Tyler Cowen at Marginal Revolution posts today on two biases:
We think we perform better in front of supportive audiences, but actually "we perform better in front of strangers or even a hostile crowd."
We rate people better if they share our birthday.
And Tyler privately mentioned:
In sports and fashion, smiles signal low status, not happiness.

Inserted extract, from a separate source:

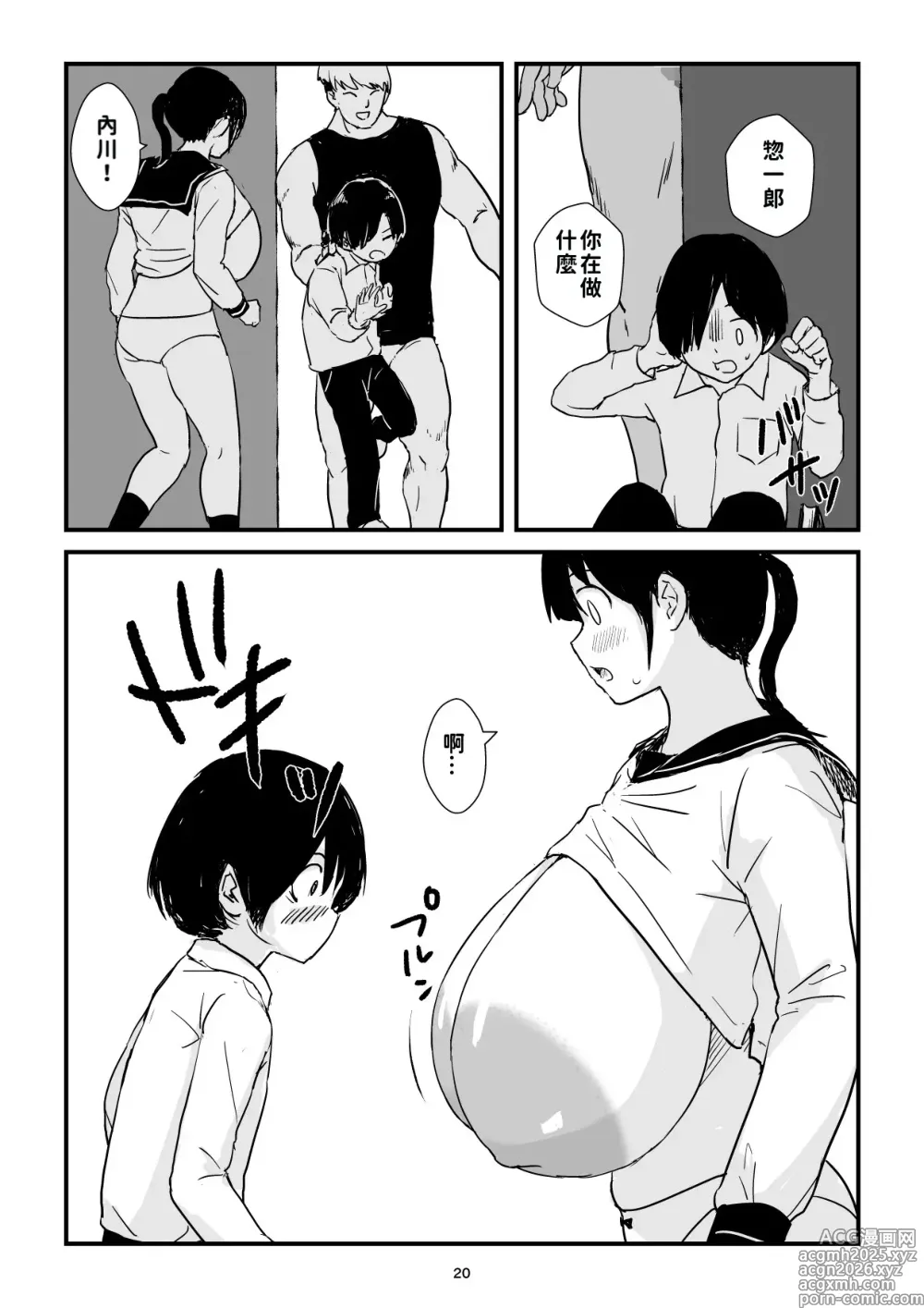 Page 20 of doujinshi 田舎少女巨乳地獄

The Dalai Lama smiles a lot.
Smiles signal low status if you define low status as the status of those who are smiling in this study. So bigger football players don't smile as much as smaller players. Their positions are different. Linemen are like sumo wrestlers needing to apply sustained, maximal power to every play. It's hard to smile and do that. Plus your intimidation is in your face as a lineman. As a back it's in your moves, your actions. Defensive backs get to run like the wind and point to a moment of attack when they see if they can take an opponent's head off. Then they can relax and look back, with a smile if they came close enough to actually doing that. Just look up how Jack Tatum of the Oakland Riaders used to talk about this. I'm sure he was smiling the whole time he talked about it with his joyful memories of really hurting someone. But he wasn't smiling at the moment of attack. You can't smile and give it your full force. That's why linemen don't smile. Maybe there are off-the-field reasons for the different faces,too. I'm 6'3". I've noticed the joy of looking down on people and not smiling. It's not good to do that all the time, but it's a nice option sometimes. I'm sure there are many factors in this and with the models that are poorly summarized as "smiles signal low status". People smile when they're free to smile and feel like it. Maybe there's an additional payoff for smiling or for scowling sometimes, but this study just conjectures about that instead of nailing that down as the cause of the observed behavior.
Then even if smiles were a signal of low status, they still could mean happiness, too. You'd have to find out how the subject experiences it. A smile can mean fear. A scowl can be joyful. Or vice versa for both. There certainly is a bias toward making simplistic conclusions about human behavior. We are not simple creatures.